Take the lines in the listing below from the line with "Siyah çizgiler ve" up to and including the line with "Bej Armalı Kapüşonlu" and set them down exactly, skipping pictures and adding nothing.
:: EXCERPTED DATA ::
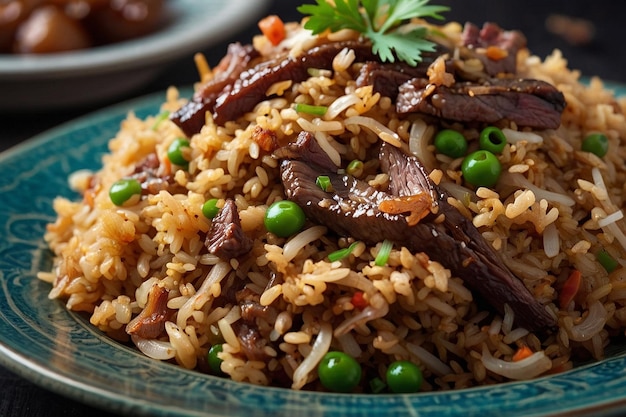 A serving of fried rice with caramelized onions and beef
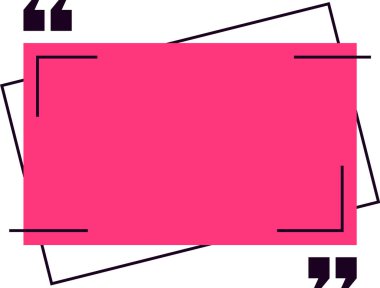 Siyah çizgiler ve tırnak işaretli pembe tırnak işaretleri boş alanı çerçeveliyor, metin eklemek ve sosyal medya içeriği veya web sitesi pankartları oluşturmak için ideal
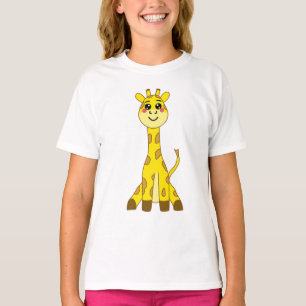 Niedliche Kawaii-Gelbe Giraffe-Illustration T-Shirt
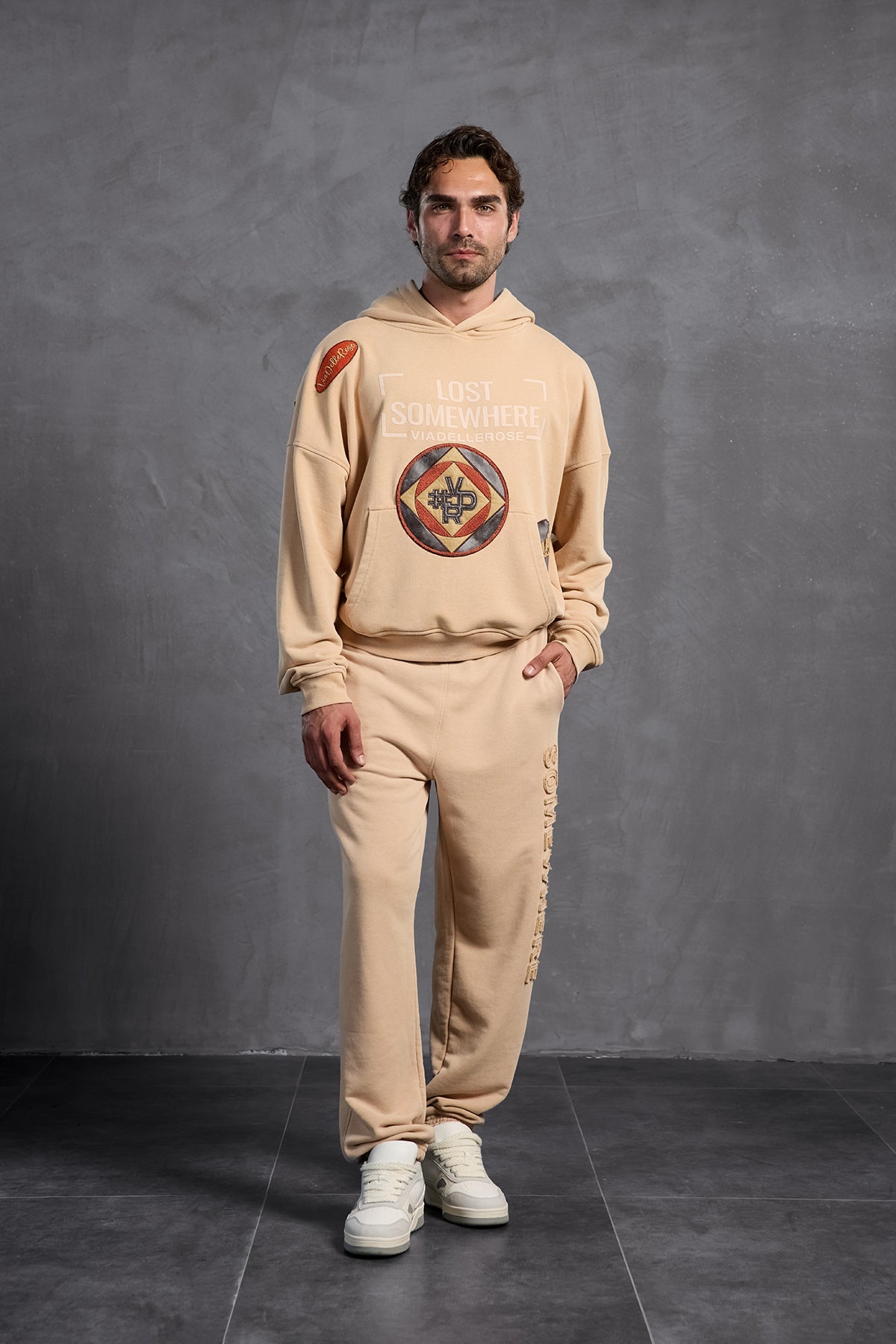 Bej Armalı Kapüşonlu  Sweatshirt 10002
:::
:: EXCERPTED DATA ::
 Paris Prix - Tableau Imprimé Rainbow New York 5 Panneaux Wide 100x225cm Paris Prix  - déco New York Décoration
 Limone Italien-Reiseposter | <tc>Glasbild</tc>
:::
:: EXCERPTED DATA ::
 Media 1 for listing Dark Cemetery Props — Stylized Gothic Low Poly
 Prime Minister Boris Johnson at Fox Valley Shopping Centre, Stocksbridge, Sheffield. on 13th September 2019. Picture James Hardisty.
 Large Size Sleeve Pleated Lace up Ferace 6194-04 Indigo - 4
:::
● **RESPONSE**
 Siyah çizgiler ve tırnak işaretli pembe tırnak işaretleri boş alanı çerçeveliyor, metin eklemek ve sosyal medya içeriği veya web sitesi pankartları oluşturmak için ideal
 Niedliche Kawaii-Gelbe Giraffe-Illustration T-Shirt
 Bej Armalı Kapüşonlu  Sweatshirt 10002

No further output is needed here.